Die Ausgaben für Sozialhilfe sind mit rund einer Milliarde sehr gering!
Auch budgetär betrachtet, sind die Beträge für die Sozialhilfe als sehr gering einzuschätzen. Auf den Bereich „Wohnen und soziale Ausgrenzung“, der neben Sozialhilfe auch die Ausgaben für Asyl, Miet-/ Wohnbeihilfe etc. erfasst, entfallen – bei österreichweiten Gesamt-Sozialausgaben im Jahr 2023 in Höhe von rund 142 Milliarden Euro – lediglich 4 Milliarden Euro, das sind rund 3 Prozent. Und die staatlichen Ausgaben konkret für die Sozialhilfe in Österreich betragen gerade einmal rund 1,1 Milliarden Euro, also rund 0,8 Prozent der gesamten Sozialausgaben.
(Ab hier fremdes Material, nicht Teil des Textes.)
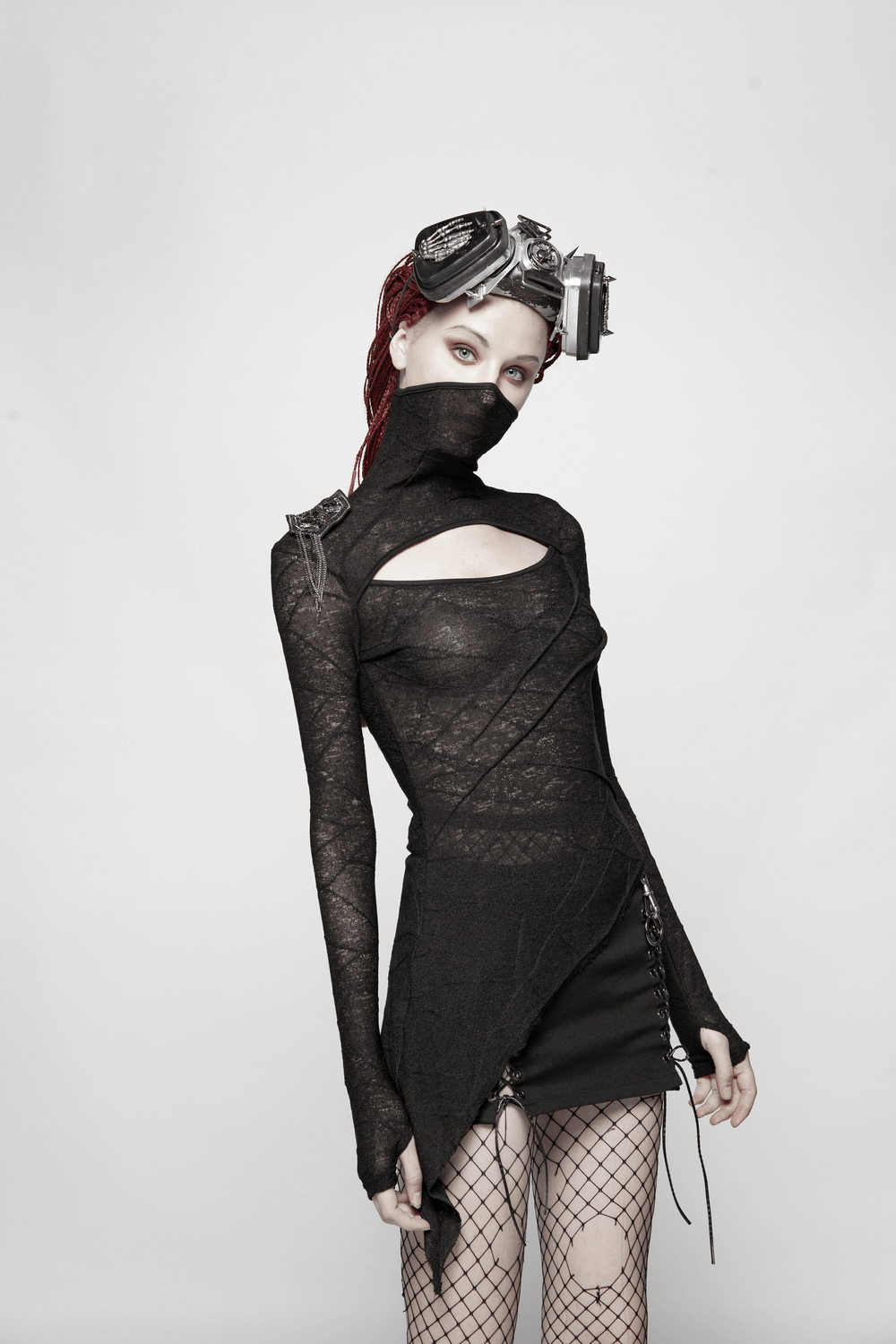 Stylish black lace halter top with cutout detailing, perfect for punk fashion lovers.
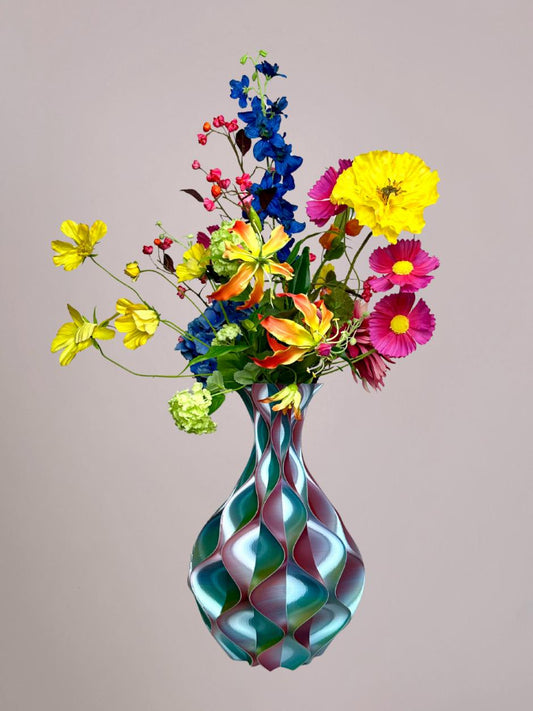 Kleurrijk Silk-ka zijden bloemen veldboeket van echte zijde in blauw-paarse 3D-vaas voor vrolijke woondecoratie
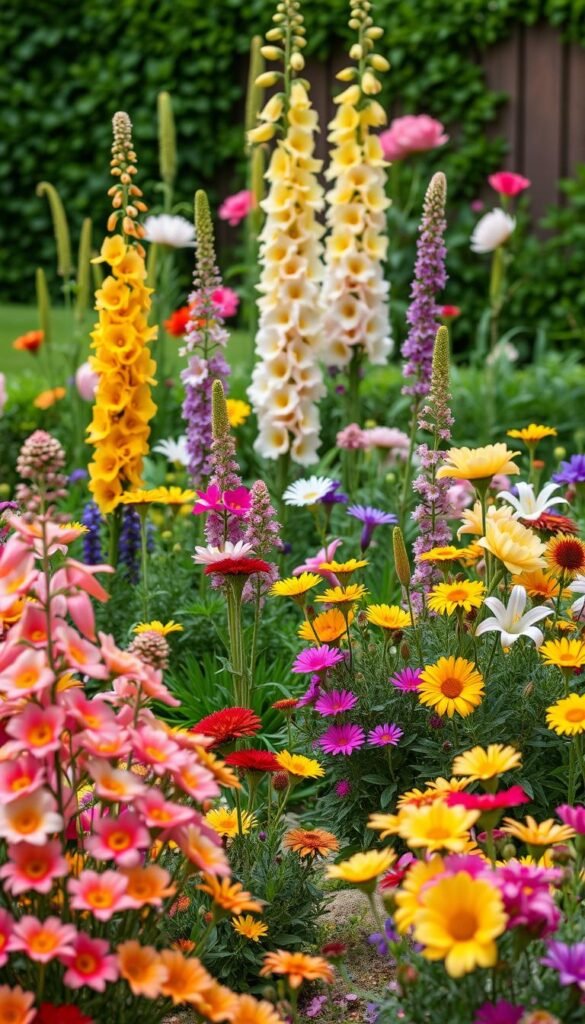 A vibrant and harmonious flower bed design, featuring a lush mix of perennials and annuals in a charming backyard setting. In the foreground, a diverse array of blooms in warm hues of pink, yellow, and purple cascade across the landscape, their petals gently swaying in a soft, natural light. In the middle ground, towering stalks of delphinium and hollyhock add height and structure, complemented by the rounded forms of peonies and lilies. The background is anchored by a verdant border of greenery, with hints of a wooden fence or trellis peeking through, creating a sense of depth and enclosure. The overall composition evokes a sense of tranquility and natural beauty, drawing the viewer into the serene backyard oasis.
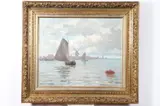 Frederick Winthrop Ramsdell, Holland Port Scene, Oil on canvas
Im Hinblick auf die 1,5 Millionen armuts- oder ausgrenzungsgefährdeten Menschen in Österreich (laut EU SILC 2024) – das sind derzeit bereits rund ein Fünftel bzw. 17 Prozent der Bevölkerung – würde man viel mehr an sozialer Unterstützung und Infrastruktur benötigen bzw. sind weitere Einsparungen als sehr problematisch anzusehen.
Sozialhilfe-Reform sollte soziale Verbesserungen bringen!
Auch im Regierungsprogramm gibt es Pläne zur Veränderung der Sozialhilfe bzw. zur Einführung einer Kindergrundsicherung. Diese vorgesehenen Maßnahmen im Rahmen des Doppelbudgets 2025/26 treffen Haushalte mit einem geringeren Einkommen deutlich stärker. Für die künftige Konsolidierung ist es zentral, auf eine bessere soziale Ausgewogenheit zu achten.
Generell sollte im Rahmen einer „Sozialhilfe neu“ endlich eine armutssichere Leistung, insbesondere für Kinder, implementiert werden. Auch eine österreichweite Vereinheitlichung der Sozialhilfe wäre wichtig, ebenso die Berücksichtigung eines angemessenen bzw. viel höheren Wohnaufwandes bzw. die Nichtanrechnung der Wohnbeihilfe für Sozialhilfebeziehende.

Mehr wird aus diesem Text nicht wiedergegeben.